At the advance screening for Isle of Dogs I attended, there were several moments within the film that got laughs, gasps of delight, and rounds of clapping from the audience. As of this post’s writing, Isle of Dogs sits at 93% on Rottentomatoes.com. It is a stop-motion movie about dogs with an amazing voice cast, a creative if not super complex story, and a delightful look. I should have liked it.
I did not.
Maybe it’s because I’m not a Wes Anderson devotee and am not inured to his unique voice, comedic flourishes, or banter. I enjoyed The Life Aquatic and outside of that I have few impressions of his films, other than they employ bright colors and have a lot of neurotic people struggling to manage family relationships.
Although Isle of Dogs did many technical things very well, it did some pretty major things poorly. The story is not charming or heartwarming enough to compensate for these missteps, and ultimately the whole thing felt like the film version of an ill-conceived rainy day craft project.
What It Did Well
The production values are stellar. The character designs are compelling and invite close scrutiny over every eyelash, lock of hair, or flipped ear. Even a tick crawling through one dog’s fur was fascinating to watch. Sets are elaborate and have beautiful backdrops, and of course the compositions masterfully guide the eye. The dogs’ movements are fluid and there are several exciting fight scenes. The voice acting is seamlessly mated with the characters’ gestures and becomes truly evocative at times.
The Japanese backdrop (more on that later) was also magnificently realized through bright shoji screens and Shinto gates. Even the sushi glistens. Maki tentacles appear plush and enticing, just waiting to be sliced.
What It Did Wrong
In a short phrase: cultural tourism.
There is literally no reason to set Isle of Dogs in Japan, other than the filmmakers saying “Oh that would be fun! Yeah I love Japanese stuff!” Nothing about the story required it, and the Japanese setting and characters were handled without nuance or respect.
I am not Asian, and I am not attempting to speak for anyone. I can only describe my own reaction, and as I sat in the theater I found myself astounded. I am not the only critic to feel this way, as Odie Henderson of RogerEbert.com basically said everything I’m saying now, with the exception that I’m not a dog person.
- Although set in Japan and containing Japanese voice actors, these characters might as well be voiceless as their dialogue is not subtitled. When they are translated, the subtext is that somehow they are being mistranslated and it must be funny, because the audience doesn’t speak Japanese.
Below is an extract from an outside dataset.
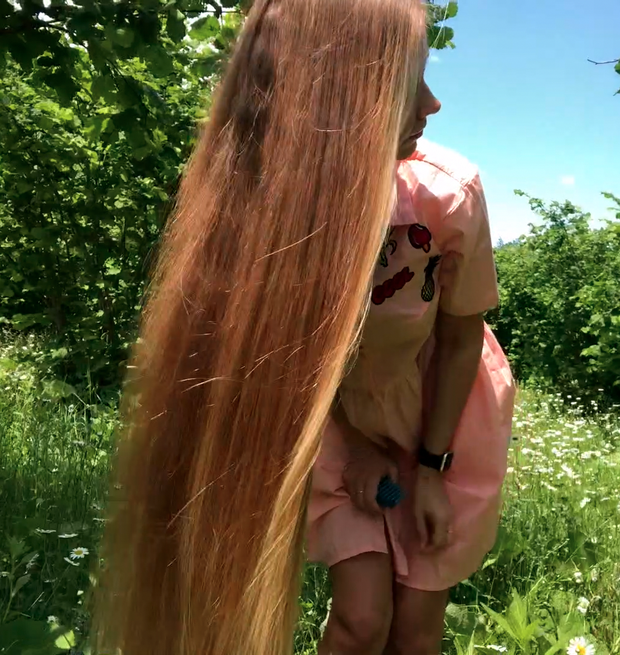 VIDEO - A field of flowers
- The dogs, despite living in Japan, don’t speak Japanese and respond to Atari’s dialogue with ‘hilarious’ befuddlement, acting as audience proxies.
- Haikus delivered with deadly seriousness by Japanese characters in two pivotal moments are employed as jokes.
- Tracy, the obnoxious foreign exchange student with a blonde afro, saves the day with the power of White Saviorism by bullying and goading her stereotypically passive classmates into action.
- The ancient trope of Asian Hacker Kid is unearthed and inserted into the story.
- Yoko Ono is a punchline.
The film also committed the unforgivable crime of casting some top-notch female talent and doing nothing with them. Scarlett Johansson’s Nutmeg is introduced through slander, called a bitch, and appears now and then to spout nonsense, perform show dog tricks, and vaguely flirt with Chief (Bryan Cranston). Tilda Swinton is a clairvoyant pug whose visions come from watching the news. Frances McDormand is a translator, and Greta Gerwig voices the previously mentioned Tracy. Besides those few, there are no other female characters, dog or otherwise.
Another misstep was the tone; on the one hand this is the story of a little boy searching for his dog, which should be great family fare. But the PG-13 rating is well-earned; in the first few minutes a dog’s ear is ripped off and spat out in a fight. Females are referred to as bitches. Worst of all, there’s an emotional void at the center of every scene that leaves the viewer waiting for the next punchline rather than identifying with any of the many characters.
Having looked forward to the film, I was honestly surprised by my reaction. But in 2018, filmmakers have a responsibility to educate themselves beyond their own interests. Global audiences are watching, meaning the stakes are high financially, artistically, and also diplomatically. If a filmmaker finds him or herself waving a dismissive hand at a concern, that’s a red flag for the filmmaker that the idea needs to be explored and possibly abandoned.